While other types of spinal cysts are also known to form on the spine, (for example, Arachnoid cysts, Tarlov cysts and others) synovial cysts the most common. With that said, synovial cysts are a relatively rare cause of back pain or spinal conditions.

Cysts in the neck tend to be rare, but when they do occur, they may cause myelopathy, which is symptoms due to pressure on the spinal cord.

In case you were wondering, ganglion cysts are also found in the spine, and while they differ from synovial cysts, are treated the same way.

Where Synovial Cysts Form

Wherever you are along the length of the spine, a synovial cyst is a synovial cyst. Just the same, spinal synovial cysts are named based on the region in which they are located. So if you have a one in your neck, it's called a cervical synovial cyst. If the cyst is located in your low back, it's called a lumbar synovial cyst, and if it is located in your upper or mid back it's deemed a thoracic synovial cyst.

Synovial cysts can occur on one side of your spine or both, and they can occur just at one spinal segment, or at multiple levels.

The most common location of spinal cysts is in the low back, at the L4-L5 segment. Dr. Ali Bydon, spine surgeon at Johns Hopkins Medicine, says that 58% of synovial cysts in the spine are found at this level. (The L4-L5 segment is the level located just below your belly button.)

L4-5 is also an area of great spinal instability, which as we'll discuss below, may well be related to the formation of cysts.

Reasons to Take Synovial Cysts Seriously

Though rare, synovial cysts are important to consider because they may indicate or in some way be related to painful conditions such as degenerative disc disease, spinal stenosis or, worse, cauda equina syndrome.
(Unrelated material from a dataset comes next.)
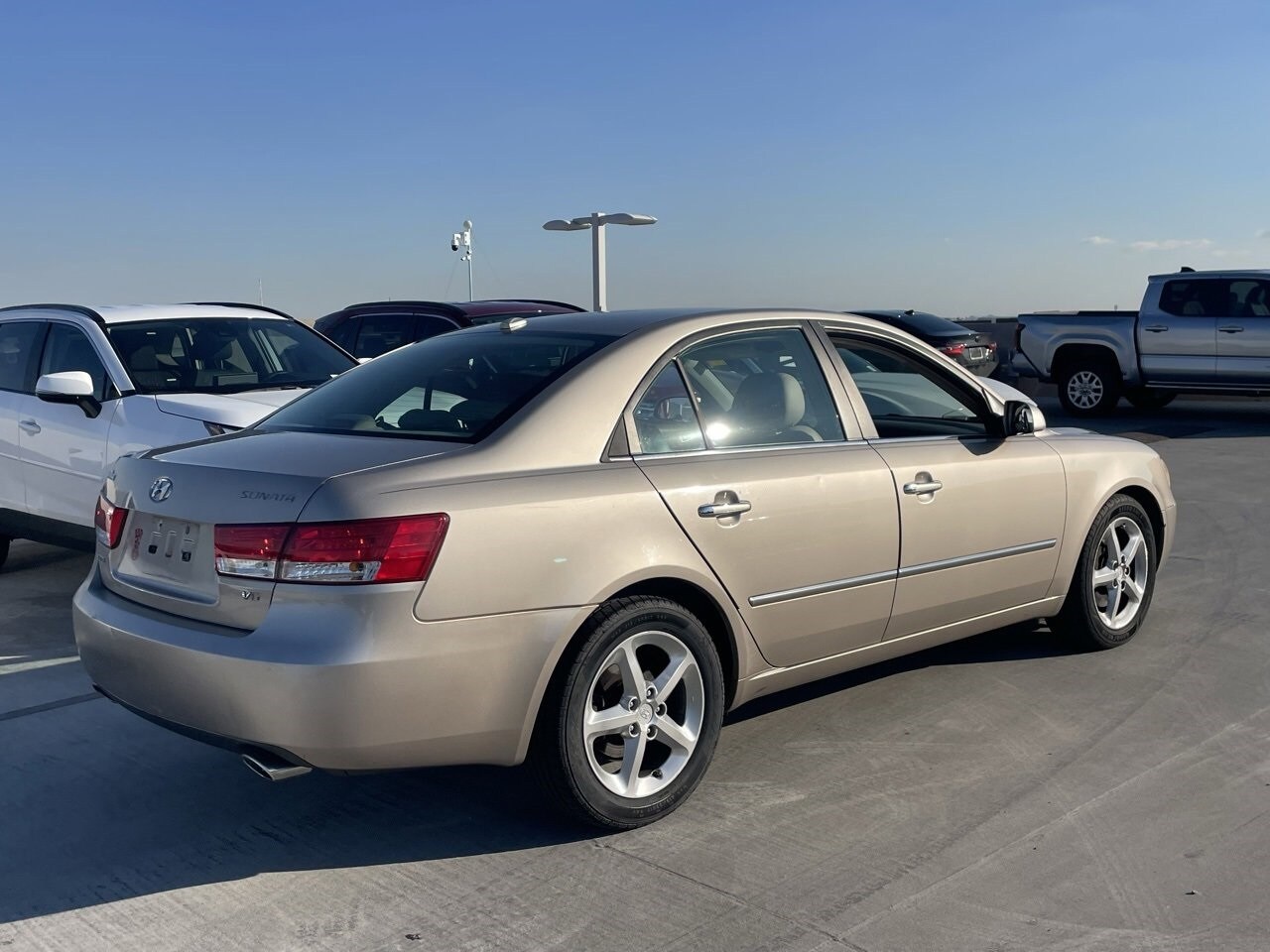 2008 Hyundai Sonata GLS photo 2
Bydon says although experts cannot as yet pinpoint the cause of spinal cysts, it is thought they are related to spinal instability and degenerative changes in the spine.

He comments that 33% of patients who present with synovial cyst also present with spondylolisthesis.


If a spinal cyst comes into contact or presses on the spinal nerve root in the area, most likely you'll experience symptoms of radiculopathy. Other symptoms of spinal synovial cysts, according to Bydon include low back pain, neurogenic claudication, which is the classic symptom related to spinal stenosis, and more rarely, symptoms of cauda equina (bowel and/or bladder problems, progressive leg weakness and saddle amnesia.)

Bydon says that the severity of your symptoms will likely depend on both the size and the location of the cyst.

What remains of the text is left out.